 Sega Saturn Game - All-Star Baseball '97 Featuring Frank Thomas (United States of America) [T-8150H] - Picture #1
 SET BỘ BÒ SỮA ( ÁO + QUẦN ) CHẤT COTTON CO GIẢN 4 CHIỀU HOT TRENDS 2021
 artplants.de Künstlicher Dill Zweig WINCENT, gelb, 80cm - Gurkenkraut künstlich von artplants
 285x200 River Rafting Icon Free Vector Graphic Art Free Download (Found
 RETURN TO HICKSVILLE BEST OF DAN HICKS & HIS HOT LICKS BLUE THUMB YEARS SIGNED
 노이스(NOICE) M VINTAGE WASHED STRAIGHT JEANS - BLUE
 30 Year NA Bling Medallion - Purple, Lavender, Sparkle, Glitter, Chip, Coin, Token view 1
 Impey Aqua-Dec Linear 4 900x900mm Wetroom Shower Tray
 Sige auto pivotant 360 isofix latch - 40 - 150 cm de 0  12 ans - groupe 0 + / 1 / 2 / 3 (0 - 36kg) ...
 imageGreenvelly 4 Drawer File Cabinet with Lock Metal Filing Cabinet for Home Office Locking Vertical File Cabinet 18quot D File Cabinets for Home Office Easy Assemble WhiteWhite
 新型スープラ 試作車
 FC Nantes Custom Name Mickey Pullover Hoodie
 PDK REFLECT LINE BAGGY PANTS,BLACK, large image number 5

| Exercise aim |
Spot every line in the entries that includes the word "BLUE", and copy each one out.

| Solved problem |
 RETURN TO HICKSVILLE BEST OF DAN HICKS & HIS HOT LICKS BLUE THUMB YEARS SIGNED
 노이스(NOICE) M VINTAGE WASHED STRAIGHT JEANS - BLUE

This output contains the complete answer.